PROBLEM DETAILS: Copy out the data line by line exactly, from its start to the line bearing "Brake Assist technology", inclusive.

DATA EXTRACT:
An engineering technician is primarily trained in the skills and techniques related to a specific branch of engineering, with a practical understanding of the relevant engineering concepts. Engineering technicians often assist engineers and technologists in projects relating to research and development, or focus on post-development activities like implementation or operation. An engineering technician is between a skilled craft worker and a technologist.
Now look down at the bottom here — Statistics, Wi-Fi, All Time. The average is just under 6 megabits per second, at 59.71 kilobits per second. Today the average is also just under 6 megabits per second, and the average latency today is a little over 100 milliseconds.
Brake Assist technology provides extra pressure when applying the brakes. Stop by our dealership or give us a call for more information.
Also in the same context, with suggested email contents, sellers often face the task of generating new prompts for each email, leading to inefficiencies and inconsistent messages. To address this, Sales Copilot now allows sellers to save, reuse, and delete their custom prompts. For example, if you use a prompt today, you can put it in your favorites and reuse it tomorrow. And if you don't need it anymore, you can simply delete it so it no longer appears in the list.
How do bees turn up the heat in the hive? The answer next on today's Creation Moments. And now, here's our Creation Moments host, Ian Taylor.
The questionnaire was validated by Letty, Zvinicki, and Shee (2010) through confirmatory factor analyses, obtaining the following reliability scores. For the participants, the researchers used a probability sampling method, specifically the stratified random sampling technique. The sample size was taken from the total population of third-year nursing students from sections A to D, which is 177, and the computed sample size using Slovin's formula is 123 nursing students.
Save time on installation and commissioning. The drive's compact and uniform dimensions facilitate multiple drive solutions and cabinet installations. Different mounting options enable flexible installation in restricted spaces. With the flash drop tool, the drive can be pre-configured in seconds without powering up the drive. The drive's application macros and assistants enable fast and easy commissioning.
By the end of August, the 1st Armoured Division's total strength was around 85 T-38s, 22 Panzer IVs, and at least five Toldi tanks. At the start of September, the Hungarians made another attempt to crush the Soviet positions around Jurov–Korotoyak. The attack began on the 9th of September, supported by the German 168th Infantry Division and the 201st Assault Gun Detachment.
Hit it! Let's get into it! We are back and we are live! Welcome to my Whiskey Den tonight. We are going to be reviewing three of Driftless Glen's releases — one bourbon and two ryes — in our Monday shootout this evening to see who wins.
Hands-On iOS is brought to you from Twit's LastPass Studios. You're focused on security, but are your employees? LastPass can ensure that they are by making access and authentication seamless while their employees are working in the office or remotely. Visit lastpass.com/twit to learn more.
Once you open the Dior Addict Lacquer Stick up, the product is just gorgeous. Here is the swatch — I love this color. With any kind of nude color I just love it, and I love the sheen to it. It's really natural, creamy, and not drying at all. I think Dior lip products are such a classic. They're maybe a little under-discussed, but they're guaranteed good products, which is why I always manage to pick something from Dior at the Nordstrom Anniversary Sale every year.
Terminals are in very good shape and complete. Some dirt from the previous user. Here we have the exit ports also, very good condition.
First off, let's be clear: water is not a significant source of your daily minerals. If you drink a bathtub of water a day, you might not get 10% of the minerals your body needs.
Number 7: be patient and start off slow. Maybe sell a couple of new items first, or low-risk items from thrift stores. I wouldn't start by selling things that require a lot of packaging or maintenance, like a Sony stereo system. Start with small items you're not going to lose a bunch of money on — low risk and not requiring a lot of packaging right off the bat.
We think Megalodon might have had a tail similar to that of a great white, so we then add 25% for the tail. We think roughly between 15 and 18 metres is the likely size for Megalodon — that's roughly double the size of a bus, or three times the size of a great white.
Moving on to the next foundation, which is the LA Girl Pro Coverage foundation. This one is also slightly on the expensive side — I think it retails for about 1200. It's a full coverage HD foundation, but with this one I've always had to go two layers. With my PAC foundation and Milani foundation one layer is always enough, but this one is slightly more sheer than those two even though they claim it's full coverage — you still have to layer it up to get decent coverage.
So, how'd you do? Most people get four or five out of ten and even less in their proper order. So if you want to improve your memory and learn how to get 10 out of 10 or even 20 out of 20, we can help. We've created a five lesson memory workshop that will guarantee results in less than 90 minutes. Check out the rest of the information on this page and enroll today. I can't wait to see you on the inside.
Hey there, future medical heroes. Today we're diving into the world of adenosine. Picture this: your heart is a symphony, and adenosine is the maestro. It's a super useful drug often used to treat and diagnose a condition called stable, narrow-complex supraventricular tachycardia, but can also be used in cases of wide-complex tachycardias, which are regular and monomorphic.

PROBLEM SOLUTION:
An engineering technician is primarily trained in the skills and techniques related to a specific branch of engineering, with a practical understanding of the relevant engineering concepts. Engineering technicians often assist engineers and technologists in projects relating to research and development, or focus on post-development activities like implementation or operation. An engineering technician is between a skilled craft worker and a technologist.
Now look down at the bottom here — Statistics, Wi-Fi, All Time. The average is just under 6 megabits per second, at 59.71 kilobits per second. Today the average is also just under 6 megabits per second, and the average latency today is a little over 100 milliseconds.
Brake Assist technology provides extra pressure when applying the brakes. Stop by our dealership or give us a call for more information.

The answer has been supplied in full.